[19/01/2010] News toscana
FIRENZE. Secondo alcuni dati forniti da Cispel Confservizi Toscana (l'associazione regionale delle imprese di servizio pubblico) del 2006 (ma sostanzialmente la situazione non è cambiata) dei 440 milioni di metri cubi di acqua prelevati per uso idropotabile, il 73% proviene dal sottosuolo (pozzi e sorgenti) il 25% da corsi d'acqua superficiali e il 2% da laghi ed invasi.
In base ai dati Arpat riportati nella Relazione sullo stato dell'ambiente in Toscana 2009 relativi alla qualità delle acque derivate per la potabilizzazione (vedi articolo su greenreport di ieri) sono scomparsi i punti di approvvigionamento "tal quali", cioè quelli con acque al massimo livello qualitativo, con un trend che va avanti almeno dal 2004, dati che mettono in evidenza un crescente inquinamento ambientale.
Del resto la stessa Cispel con il documento "Una strategia per l'approvvigionamento idrico in Toscana" del 2008, un campanello di allarme l'aveva suonato. La maggior parte delle risorse idriche del sottosuolo del territorio toscano si trova nelle pianure alluvionali dove si concentrano insediamenti abitativi e attività produttive: questo ha portato ad un sovrasfruttamento delle falde e ad un loro decadimento qualitativo.
L'inquinamento fondamentalmente di origine antropica, con presenza in aumento di sostanze pericolose, ha come conseguenza che la gran parte delle acque prelevate dall'ambiente non soddisfino i requisiti di potabilità rendendo necessari costosi trattamenti per fornire acqua potabile agli utenti.

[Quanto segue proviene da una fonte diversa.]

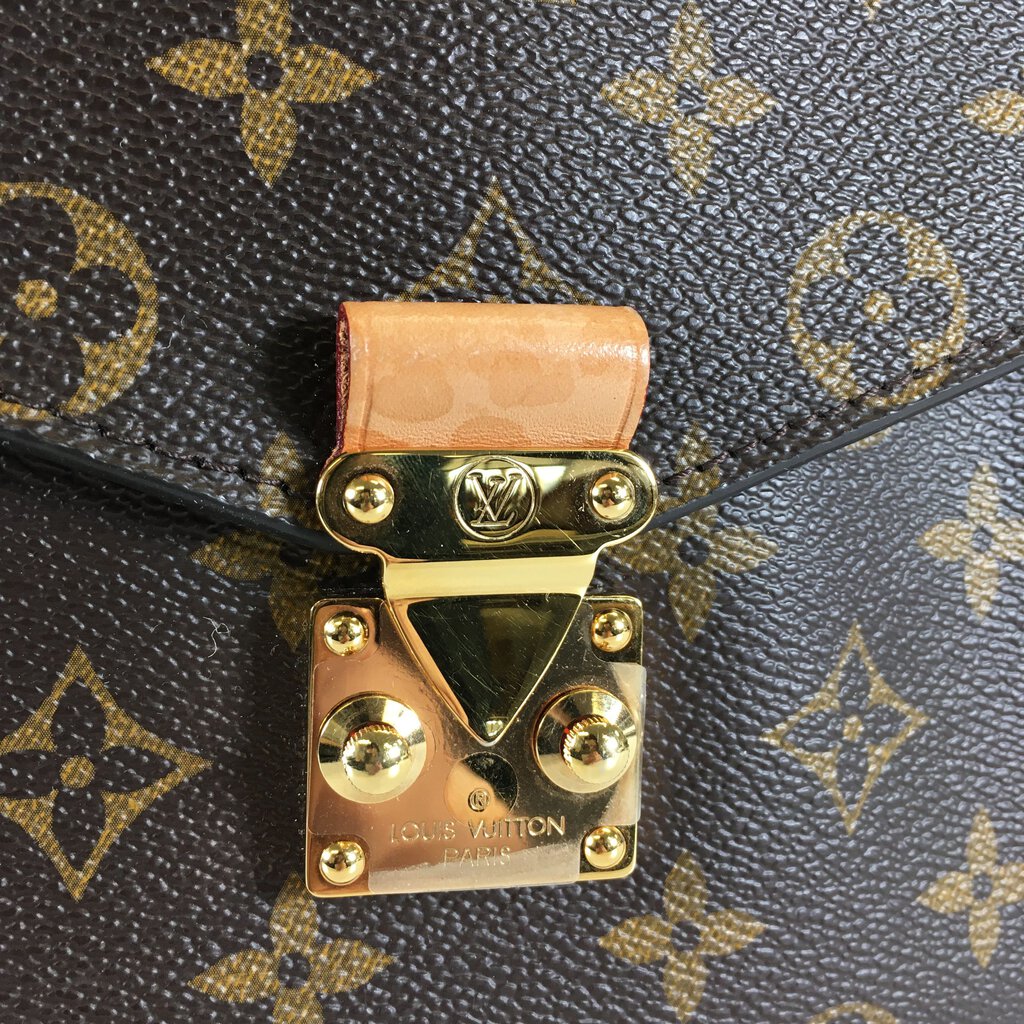 Louis Vuitton Pochette Metis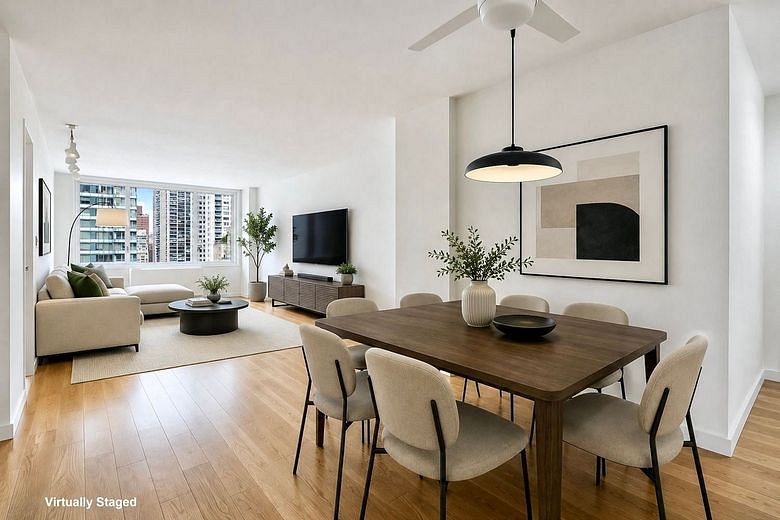 245 East 54th Street #20D
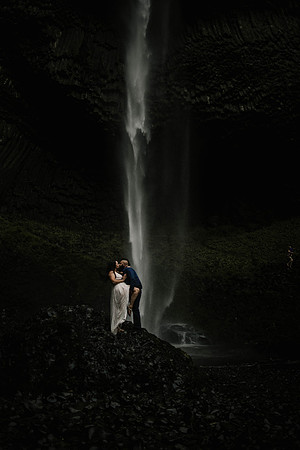 Dave-Jessica-Latourelle-Waterfall-Oregon-Engagement-Photos (31 of 95)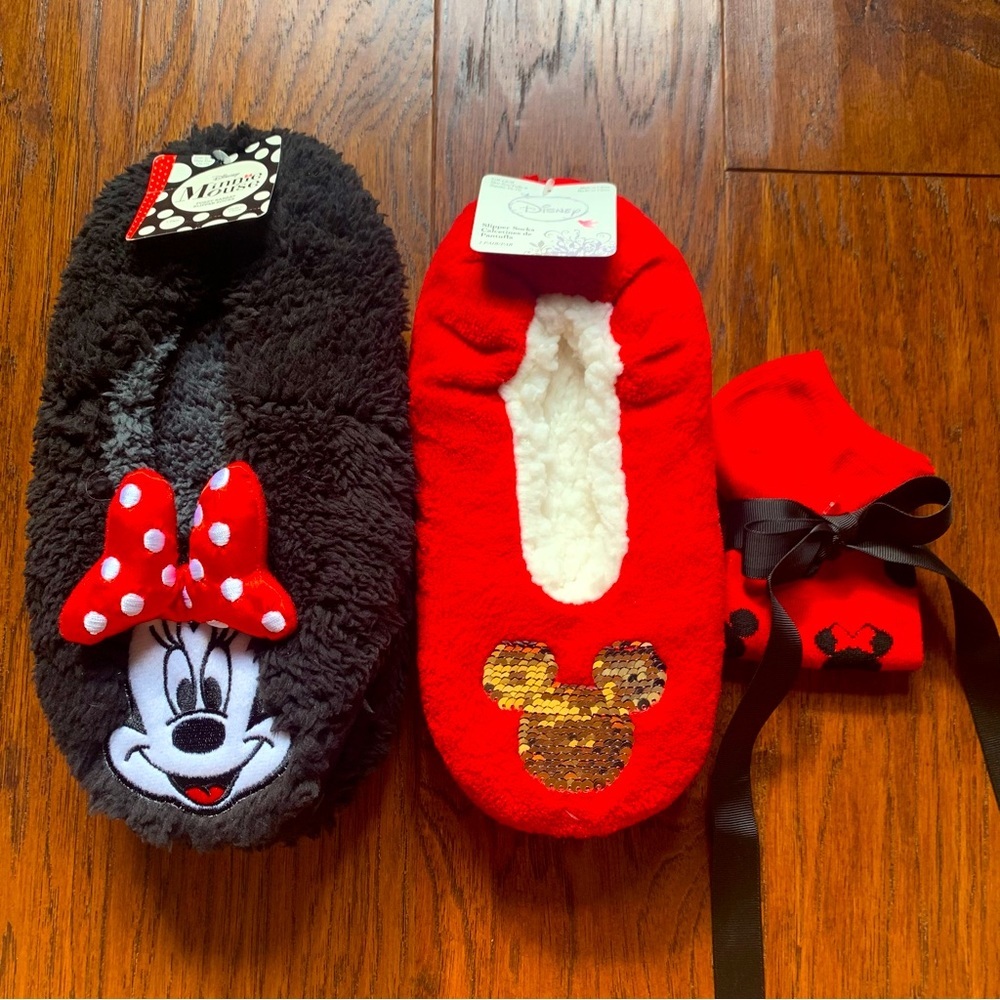 Minnie Mouse Slippers & Sock Gift Set NWT Christmas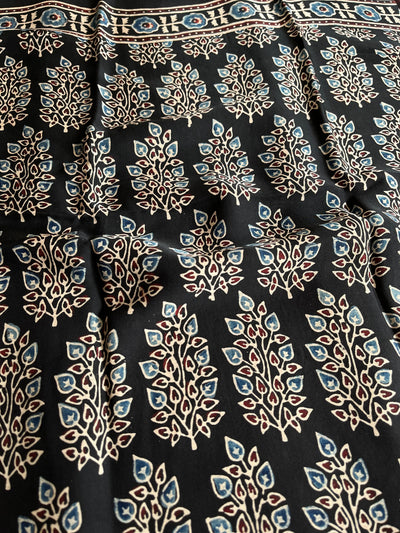 Nazrana: HANDMADE BANDHANI AJRAKH MODAL SILK SAREE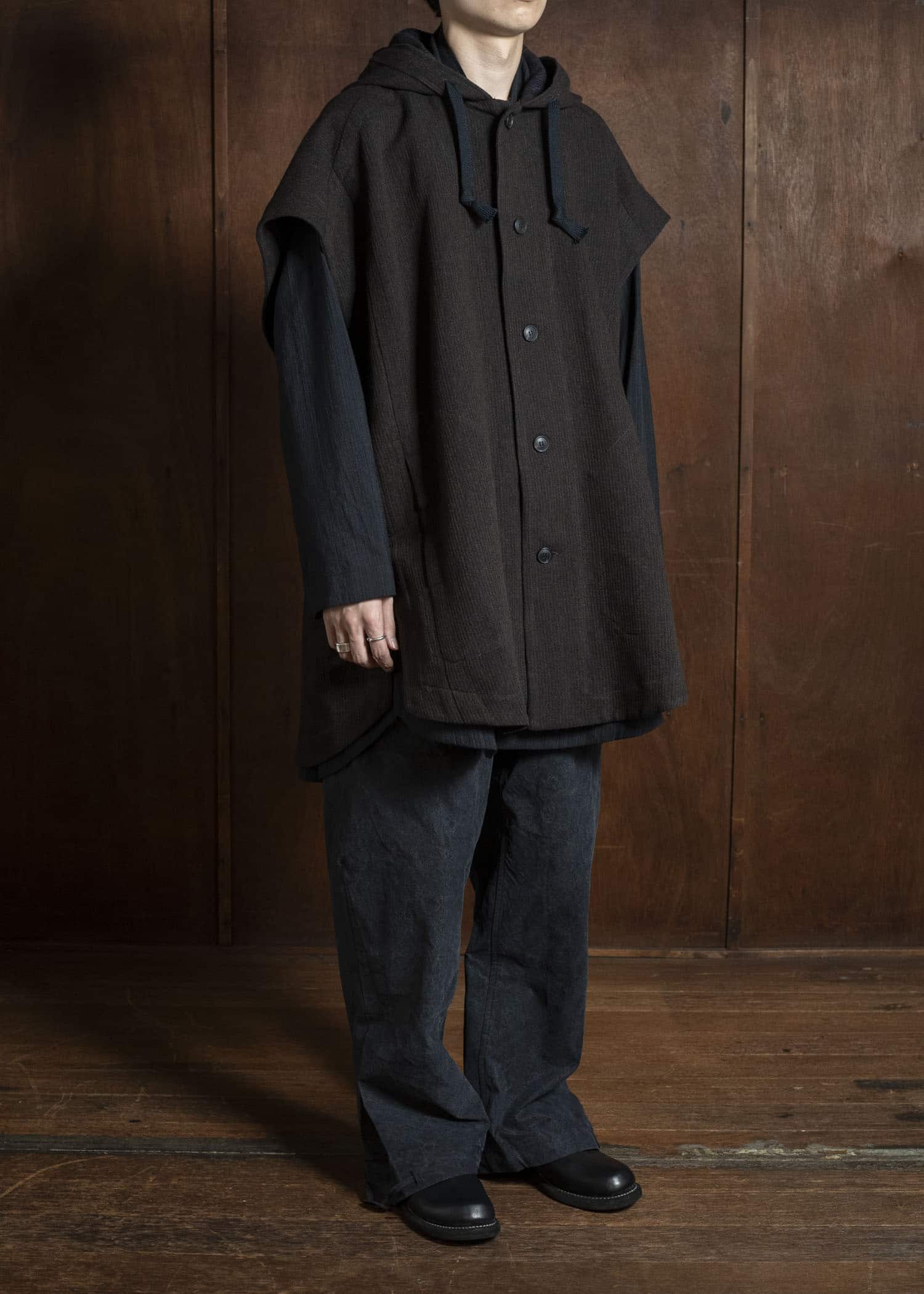 JAN-JAN VAN ESSCHE CAPE#5 SLEEVELESS CAPE WITH HOOD Ridged Linen Wool Eggplant/Indigo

Nello stesso documento vengono censite su scala regionale le captazioni per soddisfare il fabbisogno idropopotabile e fonti di approvvigionamento definite "non sostenibili" cioè che evidenziano un progressivo decadimento qualitativo della risorsa e/o dell'ambiente idrico (subsidenza, abbassamento delle falde) per le quali è necessario promuovere una riduzione dei prelievi, o per le quali il mantenimento della captazione è da ritenersi irrazionale ed antieconomico (mancanza requisiti prescritti dalla normativa, disponibilità di volumi annui ridotta...).

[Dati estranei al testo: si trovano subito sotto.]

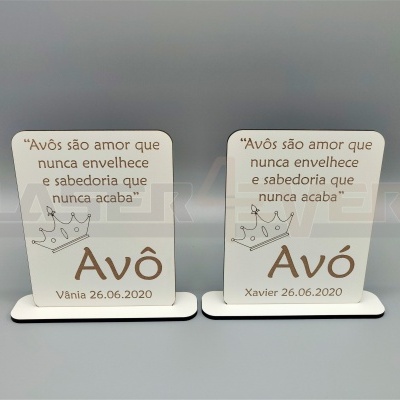 Dois quadros decorativos brancos com texto sobre avós e coroa desenhada.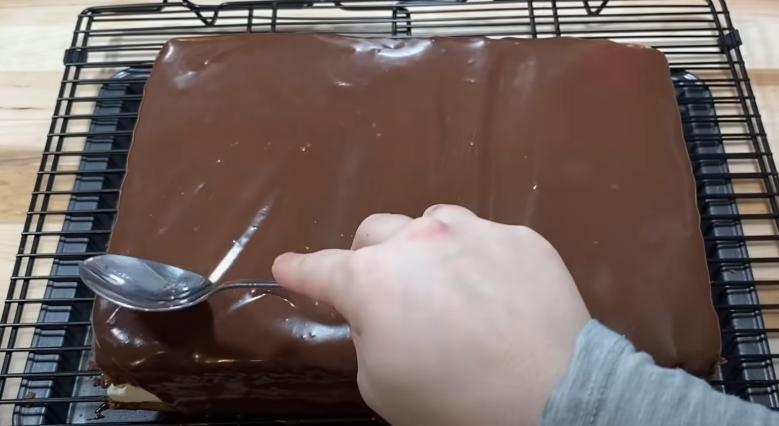 proses mendekor cake (youtube.com/Deli Cuisine)
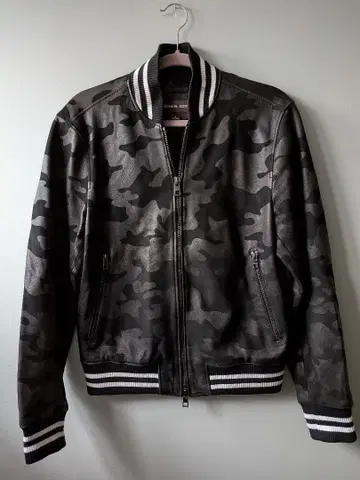 MICHAEL KORS 카모 가죽 자켓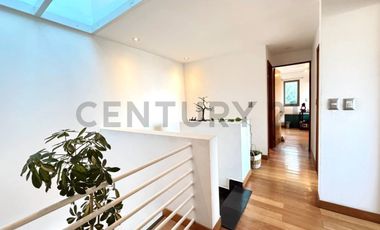 GRAN VISTA EN LO CURRO, DUPLEX EN VENTA 5 DORMS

I numeri forniti nello studio citato, rilevano che a fronte di 4469 captazioni utilizzate solo 238 hanno caratteristiche qualitative e quantitative tali da poter essere utilizzate, con una carenza strutturale superiore ai 158 milioni di metri cubi annui. Pur considerando una riduzione dell'emungimento complessivo del 10% dovuta al recupero delle perdite idriche, la carenza di risorsa sostenibile ammonta, secondo questo studio, a circa 100 milioni di metri cubi annui.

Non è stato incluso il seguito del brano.